### Problem requirements:
Below are records to print word for word; include none of their pictures.
-----
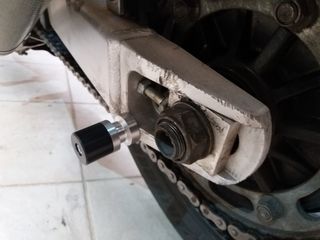 ΜΑΝΙΤΑΡΙΑ TDM 900-thumb-25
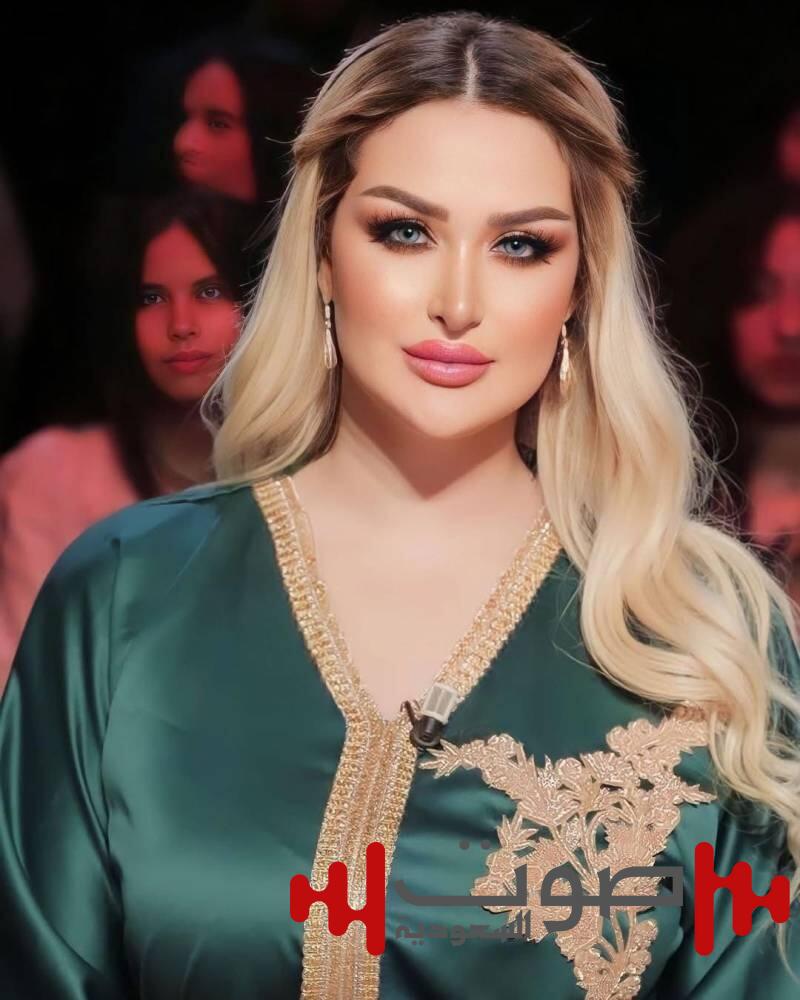 بعد «سره الباتع».. فيلم جديد يجمع رانيا التومي مع خالد يوسف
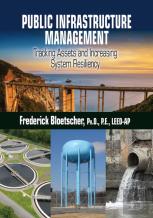 Public Infrastructure Management
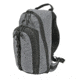 Tactical Tailor Concealed Carry Backpack, Black/CHARCOAL, 41026-2-18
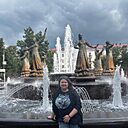 Алина, 47 лет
-----
### Answer box:
 ΜΑΝΙΤΑΡΙΑ TDM 900-thumb-25
 بعد «سره الباتع».. فيلم جديد يجمع رانيا التومي مع خالد يوسف
 Public Infrastructure Management
 Tactical Tailor Concealed Carry Backpack, Black/CHARCOAL, 41026-2-18
 Алина, 47 лет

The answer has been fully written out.